The steps of KNN can be summarized as follows:

  1. Choose the number of K and a distance metric.
  2. Find the K-nearest neighbors of the sample that we want to classify.
  3. Assign the class label by majority vote.

KNN regression and classification models can be constructed using the sklearn package of Python, as shown in the following code:

Classification

from sklearn.neighbors import KNeighborsClassifier
model = KNeighborsClassifier()
model.fit(X, Y)

Regression

from sklearn.neighbors import KNeighborsRegressor
model = KNeighborsRegressor()
model.fit(X, Y)

Hyperparameters

The following key parameters are present in the sklearn implementation of KNN and can be tweaked while performing the grid search:Number of neighbors (n_neighbors in sklearn)

The most important hyperparameter for KNN is the number of neighbors (n_neighbors). Good values are between 1 and 20.Distance metric (metric in sklearn)

It may also be interesting to test different distance metrics for choosing the composition of the neighborhood. Good values are euclidean and manhattan.

Advantages and disadvantages

In terms of advantages, no training is involved and hence there is no learning phase. Since the algorithm requires no training before making predictions, new data can be added seamlessly without impacting the accuracy of the algorithm. It is intuitive and easy to understand. The model naturally handles multiclass classification and can learn complex decision boundaries. KNN is effective if the training data is large. It is also robust to noisy data, and there is no need to filter the outliers.

In terms of the disadvantages, the distance metric to choose is not obvious and difficult to justify in many cases. KNN performs poorly on high dimensional datasets. It is expensive and slow to predict new instances because the distance to all neighbors must be recalculated. KNN is sensitive to noise in the dataset. We need to manually input missing values and remove outliers.
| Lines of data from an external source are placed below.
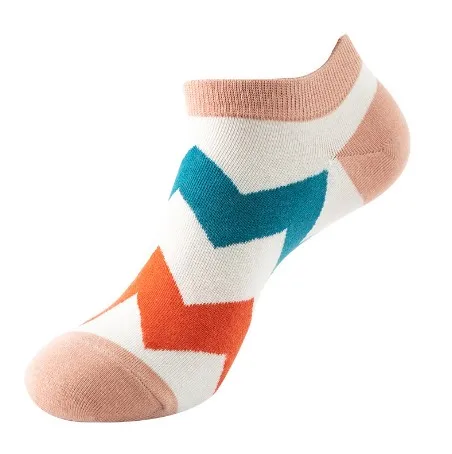 Lifestyle ankle socks customized with clean colors low cut fit and retail packaging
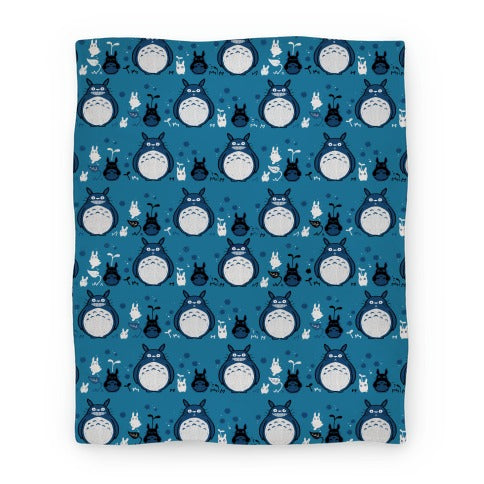 Totoro Pattern Blanket Blanket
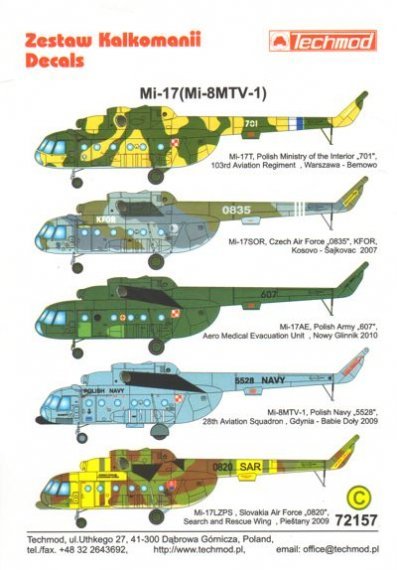 1/72 Mil Mi-8MT/Mi-17 Hip-H Helicopter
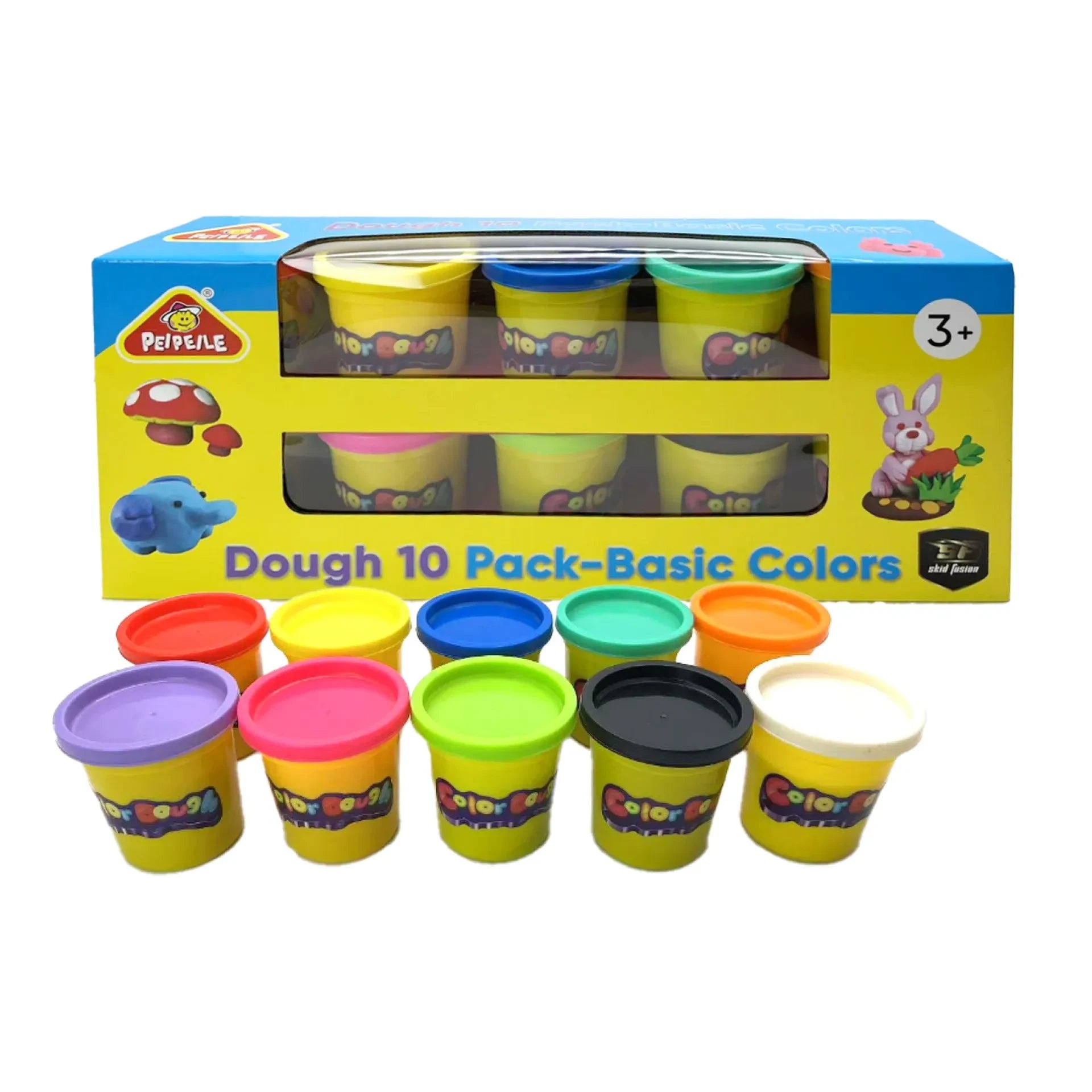 Dough 10 Pack-Basic Colors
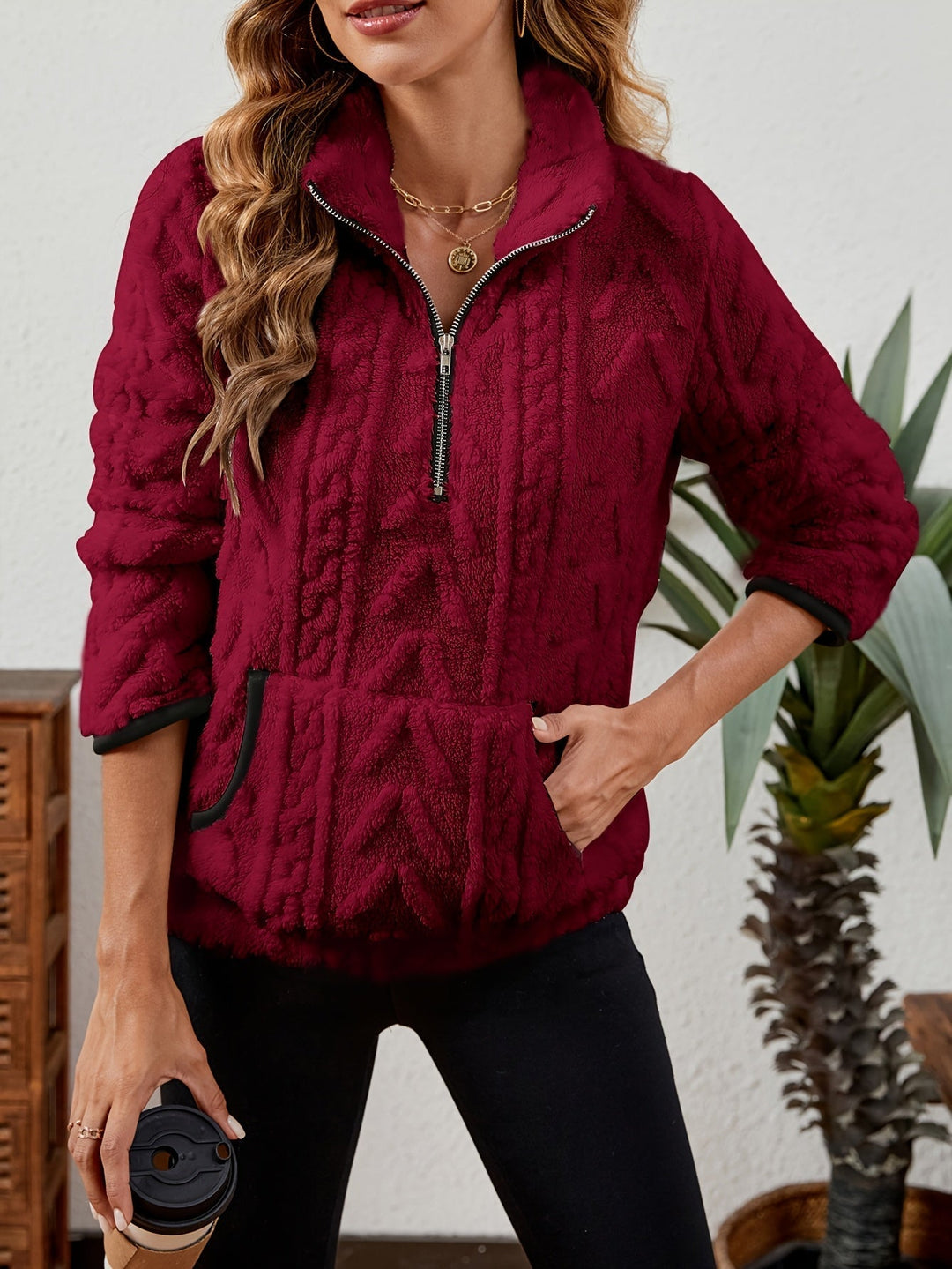 Half-Zip Pullover for Women, Cozy Style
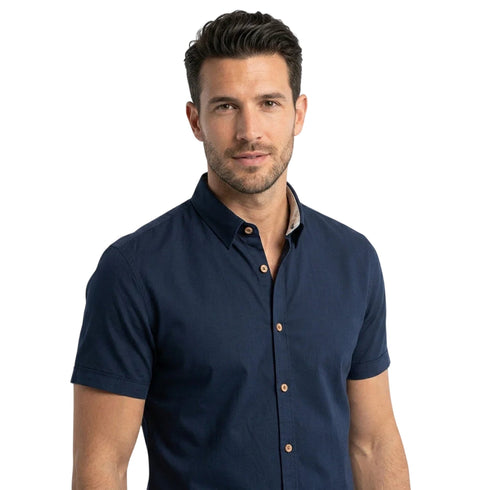 Yes Zee Camicia Camicia Uomo a manica corta M P26-YESZEEC721UL00-0710-M - Francavilla Moda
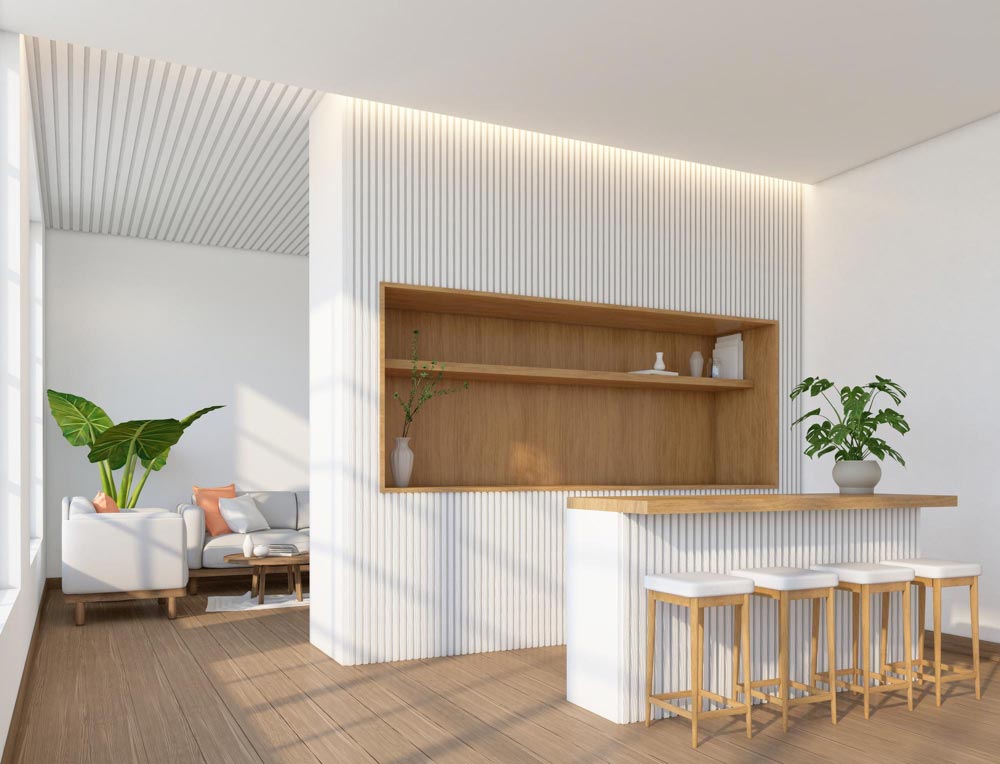Slat Wall Panelling Shelves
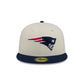 New England Patriots Chrome White Basic 59FIFTY Fitted Hat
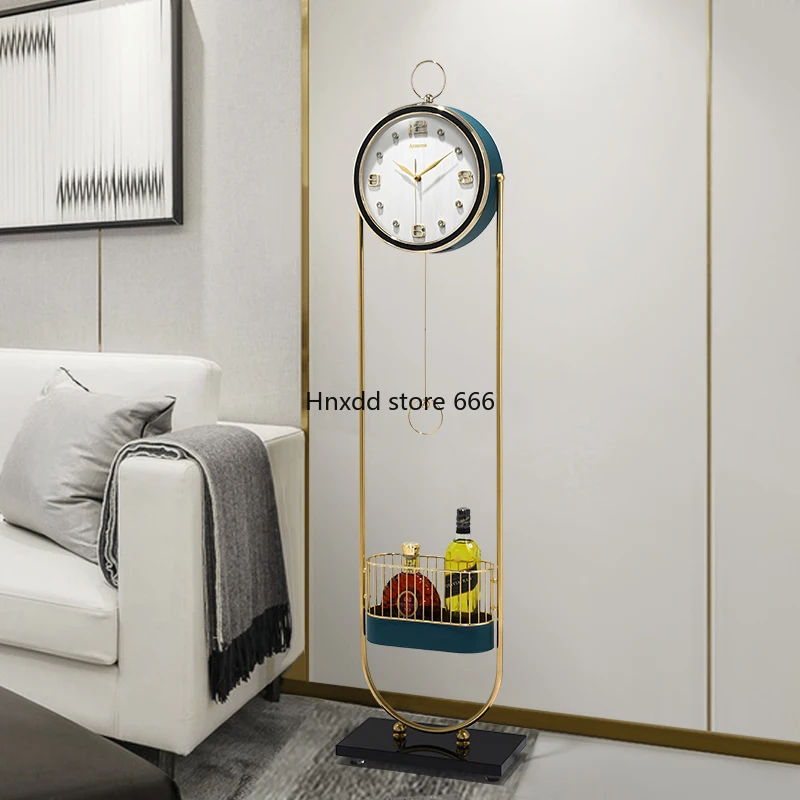 Living room pendulum clock vertical villa creative clock silent quartz clock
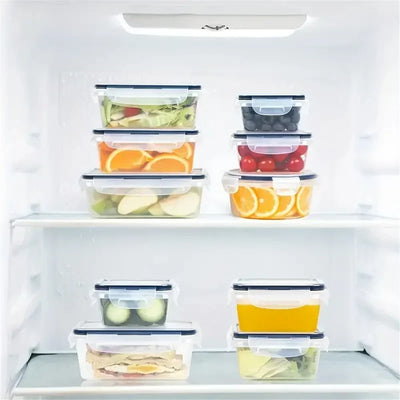 Food Storage Container Set Airtight Locking Lids BPA-Free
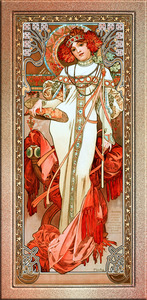 LAutomne by Alphonse Mucha Old Masters Reproduction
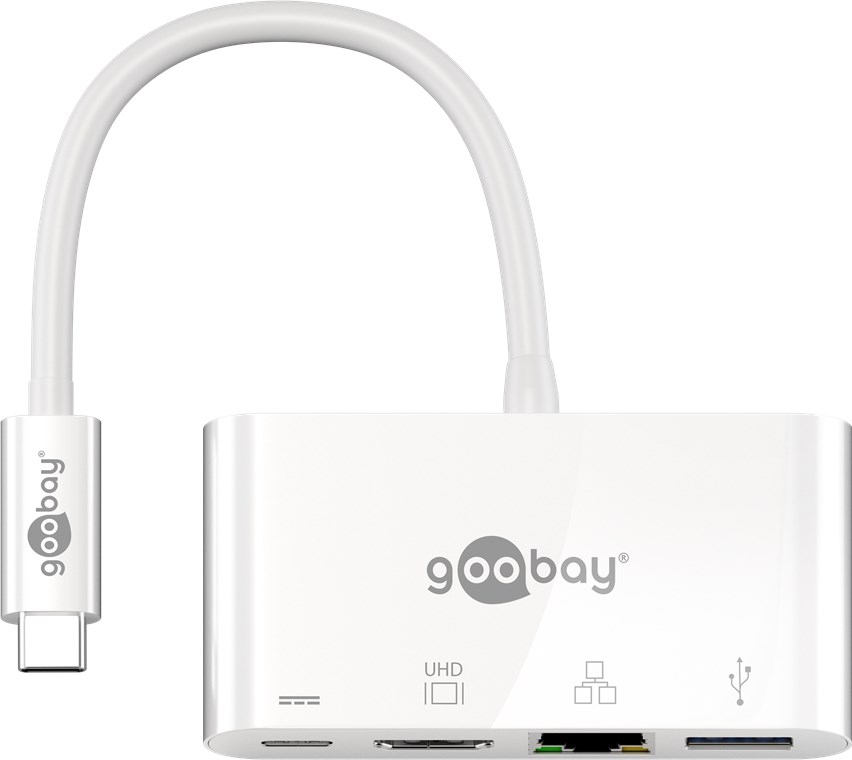 Goobay | USB-C Multiport Adapter (HDMI + Ethernet, PD) | 62105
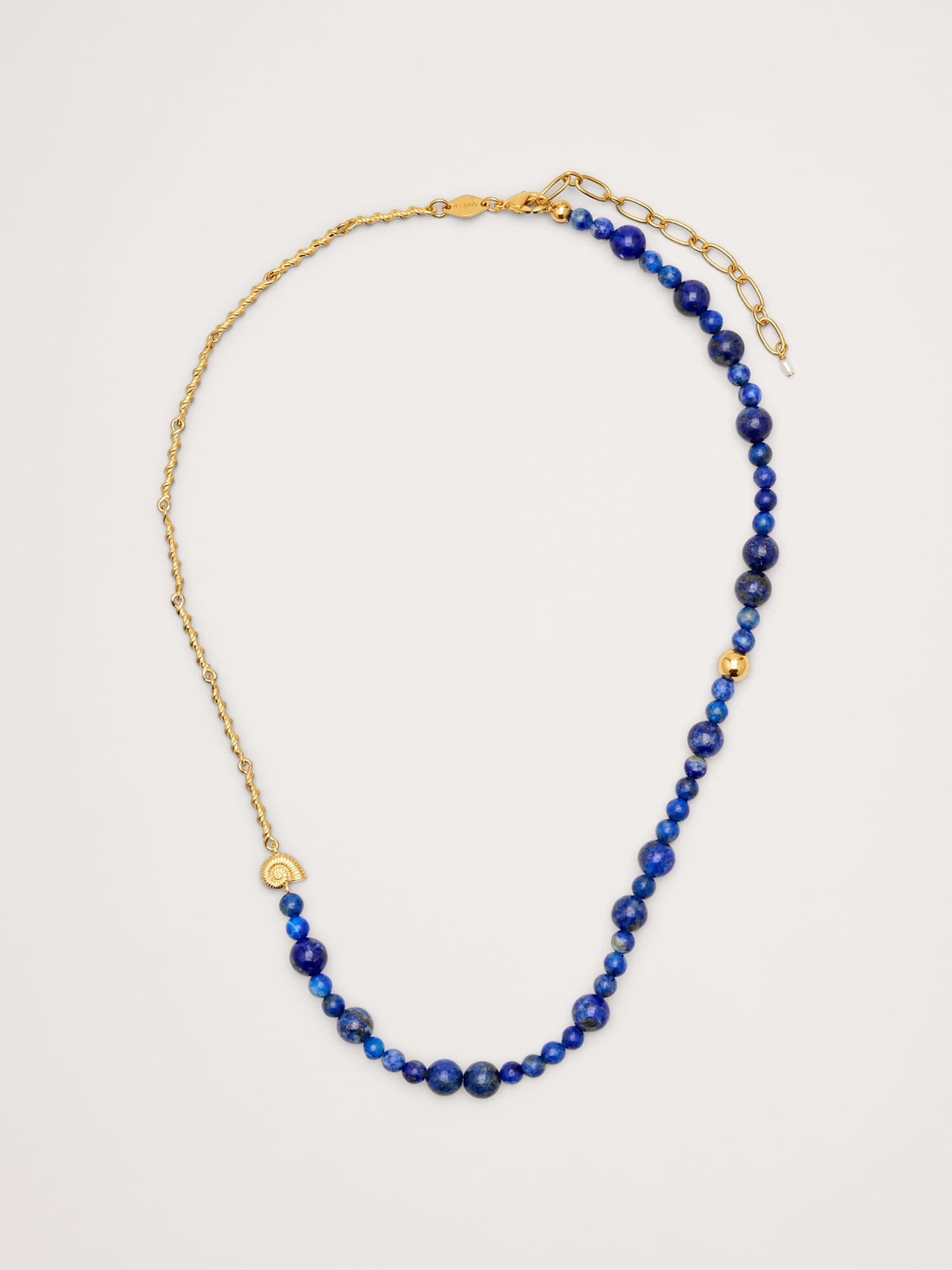 Deep Blue Necklace by Anni Lu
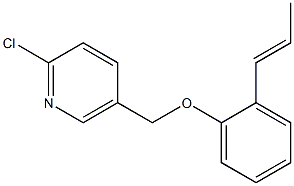 2-chloro-5-[2-(prop-1-en-1-yl)phenoxymethyl]pyridine 结构式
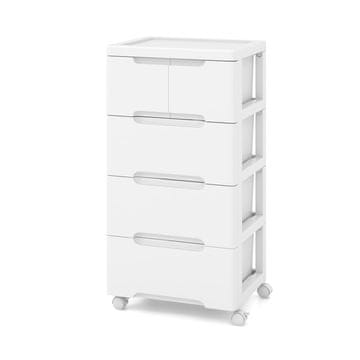 Costway Mobilni shranjevalni kabinet s 5 predali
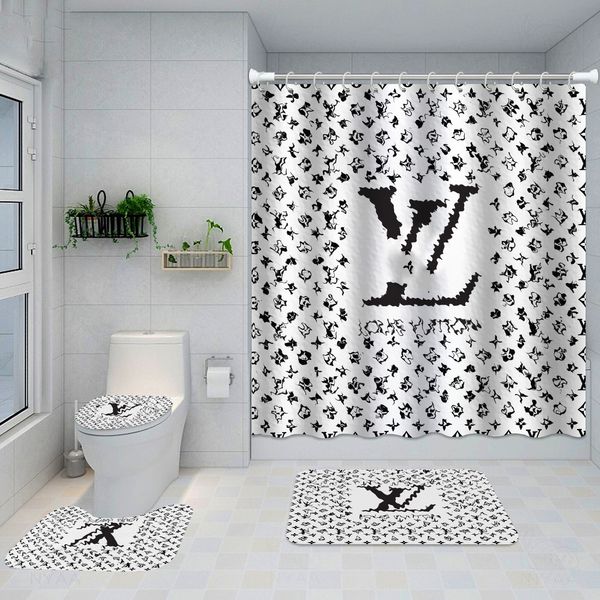 

new arrivals wholesale classical design shower curtains waterproof bathroom supplies multifunctional partition curtain bath door mat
Also, feature scaling (standardization and normalization) is required before applying the KNN algorithm to any dataset; otherwise, KNN may generate wrong predictions.

Linear Discriminant Analysis

The objective of the linear discriminant analysis (LDA) algorithm is to project the data onto a lower-dimensional space in a way that the class separability is maximized and the variance within a class is minimized.4

During the training of the LDA model, the statistical properties (i.e., mean and covariance matrix) of each class are computed. The statistical properties are estimated on the basis of the following assumptions about the data:

  • Data is normally distributed, so that each variable is shaped like a bell curve when plotted.
  • Each attribute has the same variance, and the values of each variable vary around the mean by the same amount on average.

To make a prediction, LDA estimates the probability that a new set of inputs belongs to every class. The output class is the one that has the highest probability.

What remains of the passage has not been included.